▶ Brief:
Count every line in the following entries that holds the word "Competition". Only the number should be given.

▶ Caption-style text data:
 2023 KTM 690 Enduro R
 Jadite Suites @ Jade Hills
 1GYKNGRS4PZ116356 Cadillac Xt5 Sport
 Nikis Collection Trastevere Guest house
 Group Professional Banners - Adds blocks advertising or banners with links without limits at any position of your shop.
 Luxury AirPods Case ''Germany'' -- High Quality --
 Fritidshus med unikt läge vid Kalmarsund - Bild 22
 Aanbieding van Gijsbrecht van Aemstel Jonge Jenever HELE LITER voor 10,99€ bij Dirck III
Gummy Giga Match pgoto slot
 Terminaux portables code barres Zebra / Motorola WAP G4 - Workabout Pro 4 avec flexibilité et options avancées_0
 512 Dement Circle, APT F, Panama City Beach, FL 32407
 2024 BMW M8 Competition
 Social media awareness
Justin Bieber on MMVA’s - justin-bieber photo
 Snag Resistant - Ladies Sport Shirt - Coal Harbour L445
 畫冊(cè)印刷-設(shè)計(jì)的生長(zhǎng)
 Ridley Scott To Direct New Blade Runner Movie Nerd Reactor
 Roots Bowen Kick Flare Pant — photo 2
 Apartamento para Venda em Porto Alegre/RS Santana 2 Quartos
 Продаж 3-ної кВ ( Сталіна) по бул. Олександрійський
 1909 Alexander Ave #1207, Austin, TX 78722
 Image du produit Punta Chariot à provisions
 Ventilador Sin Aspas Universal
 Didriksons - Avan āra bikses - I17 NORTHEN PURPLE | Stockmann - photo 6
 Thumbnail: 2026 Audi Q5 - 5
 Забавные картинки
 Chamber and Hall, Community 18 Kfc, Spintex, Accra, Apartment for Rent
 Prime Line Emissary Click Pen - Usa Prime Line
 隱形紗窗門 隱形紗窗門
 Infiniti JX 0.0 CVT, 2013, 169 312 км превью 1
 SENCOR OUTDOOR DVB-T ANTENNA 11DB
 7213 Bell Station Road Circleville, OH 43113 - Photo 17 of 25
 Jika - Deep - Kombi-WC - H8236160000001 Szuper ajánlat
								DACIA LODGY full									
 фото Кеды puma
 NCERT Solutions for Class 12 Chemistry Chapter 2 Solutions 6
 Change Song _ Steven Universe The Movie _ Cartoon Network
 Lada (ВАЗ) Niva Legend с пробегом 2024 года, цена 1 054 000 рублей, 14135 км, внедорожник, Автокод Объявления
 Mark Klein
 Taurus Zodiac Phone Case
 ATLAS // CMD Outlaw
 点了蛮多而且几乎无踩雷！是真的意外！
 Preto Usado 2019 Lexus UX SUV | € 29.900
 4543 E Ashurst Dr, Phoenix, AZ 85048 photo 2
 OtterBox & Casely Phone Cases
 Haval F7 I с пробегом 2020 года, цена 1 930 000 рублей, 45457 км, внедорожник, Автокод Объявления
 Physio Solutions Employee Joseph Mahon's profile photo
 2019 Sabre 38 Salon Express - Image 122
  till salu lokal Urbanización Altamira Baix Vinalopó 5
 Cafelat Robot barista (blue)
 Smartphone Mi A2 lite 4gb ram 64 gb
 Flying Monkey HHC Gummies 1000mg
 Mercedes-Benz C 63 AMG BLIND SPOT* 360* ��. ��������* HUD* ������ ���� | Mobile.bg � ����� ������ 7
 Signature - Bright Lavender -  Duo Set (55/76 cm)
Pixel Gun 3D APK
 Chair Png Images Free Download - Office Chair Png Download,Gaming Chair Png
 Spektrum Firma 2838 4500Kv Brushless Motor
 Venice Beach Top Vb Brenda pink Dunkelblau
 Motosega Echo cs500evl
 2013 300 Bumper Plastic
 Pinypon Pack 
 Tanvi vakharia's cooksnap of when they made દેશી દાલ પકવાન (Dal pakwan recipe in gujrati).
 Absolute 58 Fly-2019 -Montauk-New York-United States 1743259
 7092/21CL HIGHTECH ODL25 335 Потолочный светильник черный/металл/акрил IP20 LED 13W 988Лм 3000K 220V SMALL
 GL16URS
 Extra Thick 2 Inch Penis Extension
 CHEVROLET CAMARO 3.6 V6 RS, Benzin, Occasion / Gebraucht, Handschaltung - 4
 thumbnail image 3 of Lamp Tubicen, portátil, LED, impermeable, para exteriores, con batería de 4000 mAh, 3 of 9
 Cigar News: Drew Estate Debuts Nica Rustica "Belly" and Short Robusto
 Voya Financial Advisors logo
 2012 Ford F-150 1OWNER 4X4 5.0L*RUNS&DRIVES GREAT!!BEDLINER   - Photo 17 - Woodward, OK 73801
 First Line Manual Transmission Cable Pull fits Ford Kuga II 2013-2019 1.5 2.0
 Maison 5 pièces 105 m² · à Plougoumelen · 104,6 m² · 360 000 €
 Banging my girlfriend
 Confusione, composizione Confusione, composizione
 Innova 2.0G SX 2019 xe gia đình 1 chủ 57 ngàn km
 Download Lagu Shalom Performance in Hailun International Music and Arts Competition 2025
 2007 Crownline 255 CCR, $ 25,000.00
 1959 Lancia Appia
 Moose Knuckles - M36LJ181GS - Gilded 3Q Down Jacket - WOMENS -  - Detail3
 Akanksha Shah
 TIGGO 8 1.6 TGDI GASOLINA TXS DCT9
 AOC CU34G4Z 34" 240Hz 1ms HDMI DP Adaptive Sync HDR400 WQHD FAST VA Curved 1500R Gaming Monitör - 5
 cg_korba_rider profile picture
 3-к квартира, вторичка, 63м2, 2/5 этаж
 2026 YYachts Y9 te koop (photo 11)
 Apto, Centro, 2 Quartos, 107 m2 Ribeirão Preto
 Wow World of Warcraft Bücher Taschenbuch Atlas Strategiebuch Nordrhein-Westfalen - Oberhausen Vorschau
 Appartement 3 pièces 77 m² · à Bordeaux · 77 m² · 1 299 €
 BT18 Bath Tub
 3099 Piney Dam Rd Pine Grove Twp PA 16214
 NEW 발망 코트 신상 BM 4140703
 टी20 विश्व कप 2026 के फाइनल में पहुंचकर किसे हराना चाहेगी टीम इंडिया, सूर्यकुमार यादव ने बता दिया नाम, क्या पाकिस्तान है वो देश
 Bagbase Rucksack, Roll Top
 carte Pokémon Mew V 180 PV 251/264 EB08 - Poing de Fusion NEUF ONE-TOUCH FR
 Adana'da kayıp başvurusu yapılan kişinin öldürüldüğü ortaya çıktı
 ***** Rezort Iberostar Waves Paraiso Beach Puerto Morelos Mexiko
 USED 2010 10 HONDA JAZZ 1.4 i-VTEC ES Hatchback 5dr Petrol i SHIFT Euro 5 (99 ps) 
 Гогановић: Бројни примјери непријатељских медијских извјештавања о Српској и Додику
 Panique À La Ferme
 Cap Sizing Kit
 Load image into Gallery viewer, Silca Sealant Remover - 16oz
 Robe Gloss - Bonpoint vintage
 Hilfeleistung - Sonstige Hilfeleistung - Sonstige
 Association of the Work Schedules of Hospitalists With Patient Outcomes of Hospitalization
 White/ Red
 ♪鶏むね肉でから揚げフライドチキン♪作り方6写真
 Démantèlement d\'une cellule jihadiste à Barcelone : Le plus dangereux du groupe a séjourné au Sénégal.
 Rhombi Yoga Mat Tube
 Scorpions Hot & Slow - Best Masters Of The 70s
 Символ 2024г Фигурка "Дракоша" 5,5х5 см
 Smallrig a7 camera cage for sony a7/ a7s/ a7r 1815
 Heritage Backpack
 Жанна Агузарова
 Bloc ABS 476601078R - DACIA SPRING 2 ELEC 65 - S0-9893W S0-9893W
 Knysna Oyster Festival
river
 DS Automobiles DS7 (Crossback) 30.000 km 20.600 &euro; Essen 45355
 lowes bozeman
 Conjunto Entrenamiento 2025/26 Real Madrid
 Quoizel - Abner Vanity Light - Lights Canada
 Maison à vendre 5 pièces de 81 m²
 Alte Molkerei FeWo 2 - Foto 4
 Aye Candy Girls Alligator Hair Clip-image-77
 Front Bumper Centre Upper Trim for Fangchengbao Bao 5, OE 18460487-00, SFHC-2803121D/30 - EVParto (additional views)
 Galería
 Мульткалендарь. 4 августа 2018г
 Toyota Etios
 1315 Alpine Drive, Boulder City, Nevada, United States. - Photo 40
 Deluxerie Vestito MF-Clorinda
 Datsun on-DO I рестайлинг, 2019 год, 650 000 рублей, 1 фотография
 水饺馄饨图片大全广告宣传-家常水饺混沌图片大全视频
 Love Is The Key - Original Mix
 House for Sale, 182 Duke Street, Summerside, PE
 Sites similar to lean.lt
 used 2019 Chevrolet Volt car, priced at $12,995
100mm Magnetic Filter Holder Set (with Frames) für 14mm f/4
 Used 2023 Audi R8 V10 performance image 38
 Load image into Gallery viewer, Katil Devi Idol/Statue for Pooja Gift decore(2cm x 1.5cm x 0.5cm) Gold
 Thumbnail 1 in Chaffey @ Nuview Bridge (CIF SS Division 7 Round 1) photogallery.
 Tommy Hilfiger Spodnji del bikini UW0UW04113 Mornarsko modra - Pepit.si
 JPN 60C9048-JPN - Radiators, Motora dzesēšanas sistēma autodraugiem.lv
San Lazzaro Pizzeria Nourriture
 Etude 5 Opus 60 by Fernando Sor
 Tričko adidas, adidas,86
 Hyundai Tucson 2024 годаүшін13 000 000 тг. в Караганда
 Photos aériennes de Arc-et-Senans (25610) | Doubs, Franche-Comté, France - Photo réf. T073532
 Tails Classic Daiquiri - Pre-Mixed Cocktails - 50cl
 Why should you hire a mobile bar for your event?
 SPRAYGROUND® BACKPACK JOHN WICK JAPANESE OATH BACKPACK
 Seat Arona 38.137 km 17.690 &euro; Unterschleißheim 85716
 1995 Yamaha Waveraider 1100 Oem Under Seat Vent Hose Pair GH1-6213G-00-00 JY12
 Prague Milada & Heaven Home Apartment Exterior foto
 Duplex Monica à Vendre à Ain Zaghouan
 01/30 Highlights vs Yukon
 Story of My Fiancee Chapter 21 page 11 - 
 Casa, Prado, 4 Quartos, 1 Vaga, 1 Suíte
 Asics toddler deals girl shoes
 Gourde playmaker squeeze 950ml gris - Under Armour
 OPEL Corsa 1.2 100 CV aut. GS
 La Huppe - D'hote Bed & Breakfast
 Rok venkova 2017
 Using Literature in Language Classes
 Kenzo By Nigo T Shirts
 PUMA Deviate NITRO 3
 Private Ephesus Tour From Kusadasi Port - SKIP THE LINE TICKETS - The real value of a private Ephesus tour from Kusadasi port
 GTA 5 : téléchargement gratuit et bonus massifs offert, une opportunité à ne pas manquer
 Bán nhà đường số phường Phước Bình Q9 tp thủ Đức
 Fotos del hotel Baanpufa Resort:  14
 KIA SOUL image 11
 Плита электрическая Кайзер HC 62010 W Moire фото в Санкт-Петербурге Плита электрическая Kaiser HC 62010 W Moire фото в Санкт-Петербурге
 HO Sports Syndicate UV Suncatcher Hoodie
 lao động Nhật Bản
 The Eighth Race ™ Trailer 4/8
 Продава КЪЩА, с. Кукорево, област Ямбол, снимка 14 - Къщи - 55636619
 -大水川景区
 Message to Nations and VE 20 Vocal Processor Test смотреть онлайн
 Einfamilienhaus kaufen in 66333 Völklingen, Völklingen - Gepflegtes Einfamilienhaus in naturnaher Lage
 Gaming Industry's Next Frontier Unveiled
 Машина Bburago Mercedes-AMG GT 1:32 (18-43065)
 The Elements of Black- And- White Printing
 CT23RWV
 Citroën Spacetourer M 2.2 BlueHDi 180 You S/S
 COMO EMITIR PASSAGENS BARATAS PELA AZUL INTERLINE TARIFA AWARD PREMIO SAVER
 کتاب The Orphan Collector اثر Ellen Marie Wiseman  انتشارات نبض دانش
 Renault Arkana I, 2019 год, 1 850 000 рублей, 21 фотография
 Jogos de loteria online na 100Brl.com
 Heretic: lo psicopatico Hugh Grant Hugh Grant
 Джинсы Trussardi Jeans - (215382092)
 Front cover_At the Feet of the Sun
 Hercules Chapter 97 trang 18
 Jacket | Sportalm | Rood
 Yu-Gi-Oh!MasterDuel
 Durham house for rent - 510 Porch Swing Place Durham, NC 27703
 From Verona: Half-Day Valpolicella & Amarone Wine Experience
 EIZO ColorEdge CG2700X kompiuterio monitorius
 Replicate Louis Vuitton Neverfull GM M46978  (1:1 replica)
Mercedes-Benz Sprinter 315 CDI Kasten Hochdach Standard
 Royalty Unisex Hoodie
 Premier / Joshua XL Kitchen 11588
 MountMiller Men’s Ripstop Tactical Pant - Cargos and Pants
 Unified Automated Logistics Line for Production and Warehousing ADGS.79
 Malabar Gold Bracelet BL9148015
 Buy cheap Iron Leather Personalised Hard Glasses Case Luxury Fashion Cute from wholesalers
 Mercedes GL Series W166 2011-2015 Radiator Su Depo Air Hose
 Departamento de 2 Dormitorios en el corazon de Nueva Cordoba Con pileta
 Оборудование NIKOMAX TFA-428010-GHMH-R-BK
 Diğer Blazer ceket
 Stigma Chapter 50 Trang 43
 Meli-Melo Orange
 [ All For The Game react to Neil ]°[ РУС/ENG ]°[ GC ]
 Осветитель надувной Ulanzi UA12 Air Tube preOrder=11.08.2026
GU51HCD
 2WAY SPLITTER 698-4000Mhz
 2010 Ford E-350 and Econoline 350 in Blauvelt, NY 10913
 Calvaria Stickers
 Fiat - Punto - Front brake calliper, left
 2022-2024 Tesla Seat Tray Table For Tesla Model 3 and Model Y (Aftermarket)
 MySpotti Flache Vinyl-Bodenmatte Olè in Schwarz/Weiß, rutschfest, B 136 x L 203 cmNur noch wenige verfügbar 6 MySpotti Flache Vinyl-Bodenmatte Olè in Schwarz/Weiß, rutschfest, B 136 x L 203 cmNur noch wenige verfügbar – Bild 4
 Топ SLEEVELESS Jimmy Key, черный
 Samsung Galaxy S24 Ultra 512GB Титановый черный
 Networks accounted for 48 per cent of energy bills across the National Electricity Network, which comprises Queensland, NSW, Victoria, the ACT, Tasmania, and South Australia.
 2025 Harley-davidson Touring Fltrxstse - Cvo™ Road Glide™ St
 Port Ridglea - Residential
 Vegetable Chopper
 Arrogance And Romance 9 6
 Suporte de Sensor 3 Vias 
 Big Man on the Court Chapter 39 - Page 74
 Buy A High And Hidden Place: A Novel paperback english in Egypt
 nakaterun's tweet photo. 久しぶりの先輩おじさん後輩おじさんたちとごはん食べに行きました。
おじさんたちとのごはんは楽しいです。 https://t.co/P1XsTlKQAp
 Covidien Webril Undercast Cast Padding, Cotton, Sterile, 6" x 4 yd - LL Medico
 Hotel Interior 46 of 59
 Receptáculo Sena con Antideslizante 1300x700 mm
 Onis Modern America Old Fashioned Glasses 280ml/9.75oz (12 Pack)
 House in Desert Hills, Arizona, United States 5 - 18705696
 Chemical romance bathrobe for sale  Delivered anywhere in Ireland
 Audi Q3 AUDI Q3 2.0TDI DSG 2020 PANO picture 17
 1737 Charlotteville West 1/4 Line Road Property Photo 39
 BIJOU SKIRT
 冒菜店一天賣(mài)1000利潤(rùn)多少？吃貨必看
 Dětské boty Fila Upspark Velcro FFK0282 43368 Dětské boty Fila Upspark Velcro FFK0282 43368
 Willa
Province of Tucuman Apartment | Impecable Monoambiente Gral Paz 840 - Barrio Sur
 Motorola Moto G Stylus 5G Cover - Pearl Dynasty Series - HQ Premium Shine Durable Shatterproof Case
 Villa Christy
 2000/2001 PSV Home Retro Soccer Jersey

▶ Reply:
2